A Kentucky clerk who defied orders to issue marriage licenses to same-sex couples was released from jail Tuesday, but her lawyer says she will continue to resist until officials find a way to accommodate her religious opposition to gay unions.
Kim Davis emerged from the Carter County Detention Center to a swell of cheers from Christian supporters who’d been rallying outside the gates since she was ordered behind bars on Thursday. She said nothing, but stood with her lawyer, Mat Staver, who promised she would not back down until her demands were met.
“She’s not going to violate her conscience,” Staver said.
That set up another legal confrontation on a case that is becoming a case study on the continued resistance to a U.S. Supreme Court ruling that legalized gay marriage.
Davis, 49, the clerk of Rowan County, has defied repeated court orders to allow same-sex marriage licenses, saying it would violate her Christian beliefs. Arguing that her religious freedom is being compromised, she has asked state officials to develop alternative ways for the licenses to be issued without requiring her to authorize them.
U.S. District Judge David Bunning jailed Davis after finding her in contempt. Since then, five of her deputies have been granting licenses to same-sex couples.
On Tuesday, Bunning ordered her release, with the caveat that if she interfered with the deputies, “appropriate sanctions will be considered.”
That seems likely, since Davis has already told Bunning that she would not allow any same sex marriage licenses to be issued from her office, even if she wasn’t the one signing them. That’s because all licenses issued by her office are, legally, authorized by her.
“Nothing has been resolved,” Staver told NBC News.
“She told the court Thursday that she can’t allow licenses to go out under her name and her authority that authorize a marriage that collides with her conscience and religious conviction, and Kim is not changed on that position,” Staver said.
Since her jailing, Christian supporters have rallied outside the Carter County Detention Center daily.
Bunning’s order also requires the five deputy clerks in Rowan County to file status reports every 14 days detailing their compliance with his earlier orders that the office issue licenses to same-sex couples in accordance with the Supreme Court’s June ruling.
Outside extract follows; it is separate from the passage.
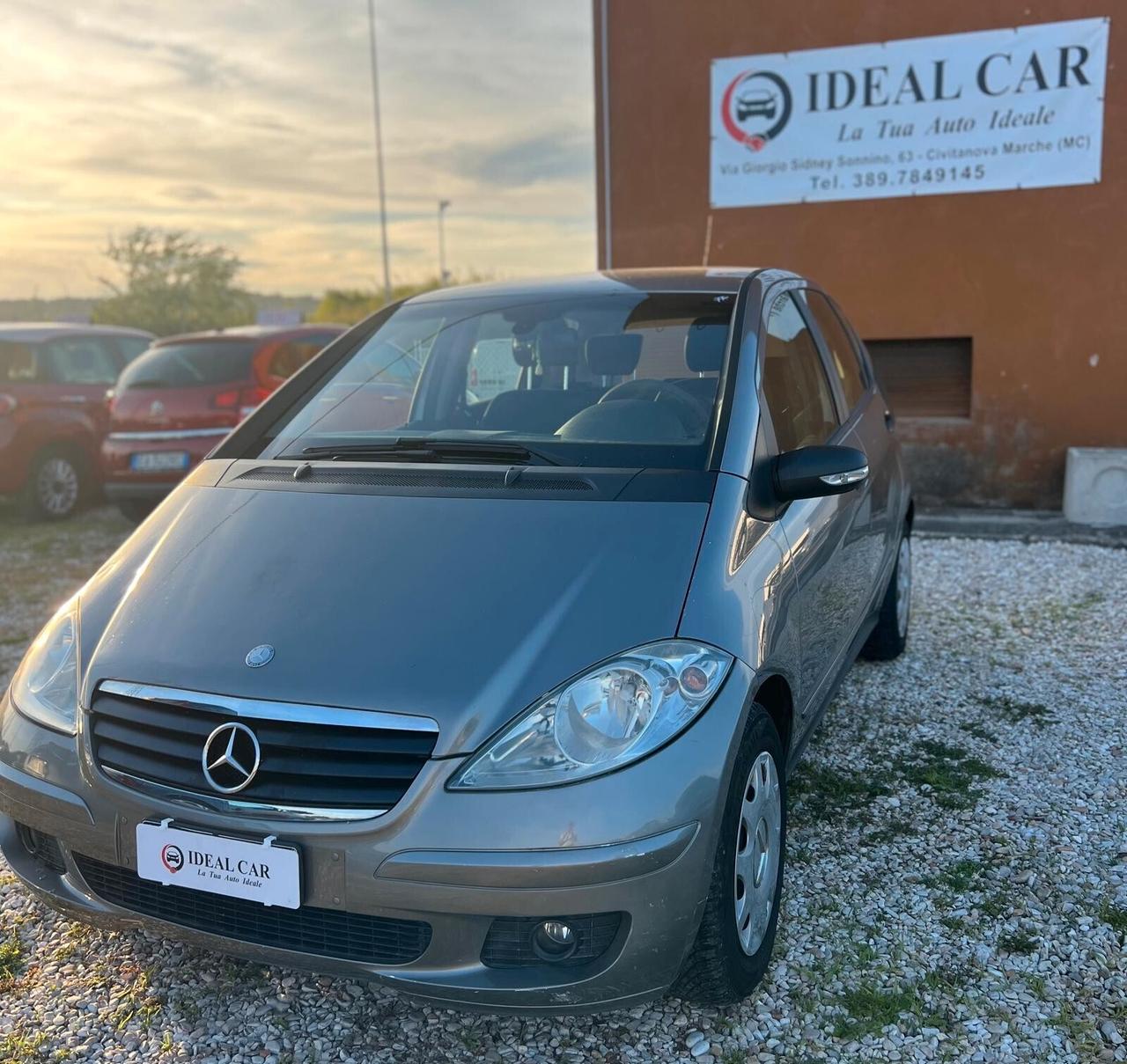 Mercedes-benz classe A 180 CDI Avantgarde Edizione 10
Two other clerks in Kentucky — Casey Davis in Casey County, and Kay Schwartz in Whitley County — are also refusing to issue marriage license to same-sex couples based on the same religious-freedom argument. They have not been subject to any legal challenges, and so have not been threatened with jail.
Staver pointed out that Davis’ release also does nothing to address the issues in those other counties.
“Other clerks are going to have the same problem. They already do,” Staver said. “They just haven’t been targeted yet with jail time.”